BSI-PT

Welcome to the BSI-PT project! This project implements the BSI-PT (Bayesian Strategy Inference plus Policy Tracking) framework and the experiments presented in the paper Opponent Exploitation Based on Bayesian Strategy Inference and Policy Tracking.

In the experiments, we compare our BSI-PT framework with previous BPR variants including BPR+¹, DPN-BPR+², and Bayes-OKR³ in the extended batter vs. pitcher game (EBvPG) defined in the paper.

Authors

Kuei-Tso Lee
Yen-Yun Huang
Je-Ruei Yang
Sheng-Jyh Wang

Citation

Please site our paper if you find this project useful.

@article{lee2023opponent,
  title={Opponent Exploitation Based on Bayesian Strategy Inference and Policy Tracking},
  author={Lee, Kuei-Tso and Huang, Yen-Yun and Yang, Je-Ruei and Wang, Sheng-Jyh},
  journal={IEEE Transactions on Games},
  year={2023},
  publisher={IEEE}
}

Getting Started

To reproduce the results in the paper, use the scripts/run_exps_and_plot.sh script. There are two methods for setting up the environment to run the script.

Virtual Environment

Make sure you have Python 3.8+ installed, then set up a virtual environment using venv and activate it.

python -m venv venv
source venv/bin/activate

Then install the dependencies in requirements.txt using pip.

pip install -r requirements.txt

Docker

First, build the image. Make sure you are in the root directory of this repository.

docker build -t bsi-pt .

Run a container using the image and mount the src/ directory to see the results.

docker run -it -v $(pwd)/src:/app/src bsi-pt

You will enter an interactive shell inside the container.

Run the Experiments

Run the experiments using the following command:

scripts/run_exps_and_plot.sh [SCENARIO] [NUM_RUNS] [NUM_EPISODE]

[SCENARIO] defines the scenario the experiments will run on, the default is baseball (see extended batter vs. pitcher game (EBvPG)). [NUM_EPISODES] defines the length of each game, and [NUM_RUNS] defines the number of games to run.

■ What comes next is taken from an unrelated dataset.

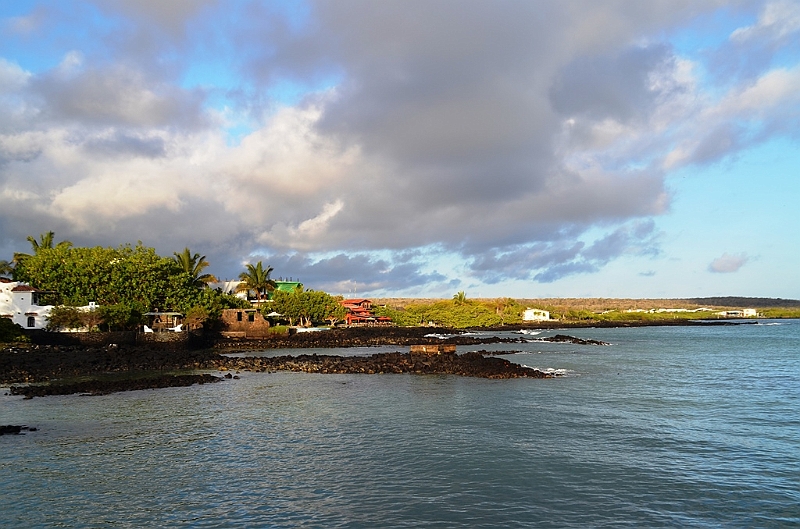 721_Ecuador_Galapagos_Santa_Cruz_Puerto_Ayora.JPG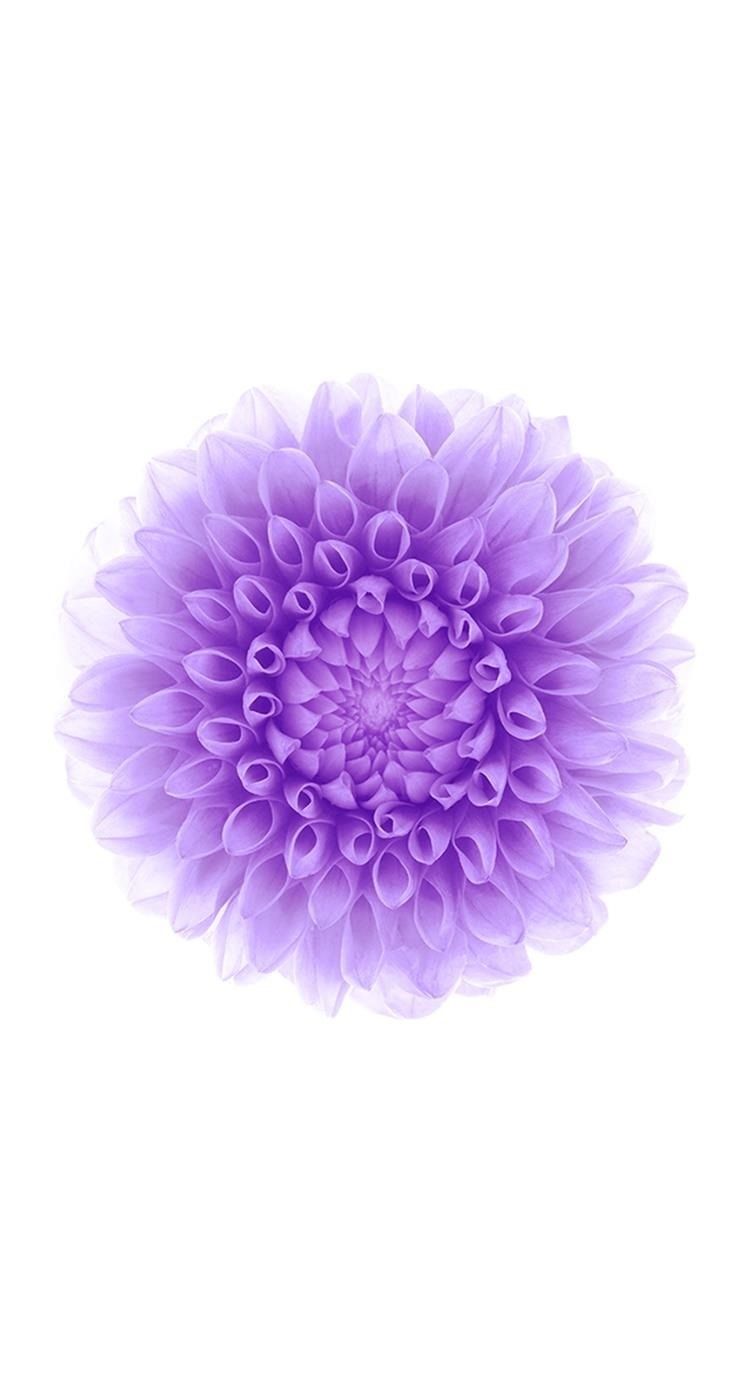 Fiore dalia viola sfondo bianco, 743x1392 Full HD Verticale, iPhone Plus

The value of [NUM_RUNS] is quite large in the paper (200,000 runs) since we want to ensure the results are statistically significant. We set the default of [NUM_RUNS] to 1,000 in the project, which still requires a few minutes to complete. For a quick run, it's recommended to set it to a smaller number (e.g. 10). However, please note that the results may be quite unstable with a small number of runs.

# for a quick run, try this
scripts/run_exps_and_plot.sh baseball 10 20

The raw data will be stored in src/data/ in .pkl format. The figures will be generated from those data and stored in src/fig/, then the data points in the figures will be stored in CSV format in src/csv/.

If you want to run the experiments individually or inspect each algorithm in detail, see Run Individual Experiment.

Extras

In addition to the EBvPG environment, which is under the baseball_game/ directory in this repository, we also implemented three other environments inspired by the Bayes-OKR³ paper, including Grid World, Navigation Game, and Soccer Game. In these three environments, Bayes-ToMoP⁴ and BSI (BSI-PT without policy tracking capability) agents are also presented.

Hernandez-Leal, Pablo, et al. "Identifying and tracking switching, non-stationary opponents: A Bayesian approach." (2016). ↩
Zheng, Yan, et al. "Efficient policy detecting and reusing for non-stationarity in Markov games." (2021). ↩
Chen, Hao, et al. "Accurate policy detection and efficient knowledge reuse against multi-strategic opponents." (2022). ↩↩
Yang, Tianpei, et al. "Towards efficient detection and optimal response against sophisticated opponents." (2018). ↩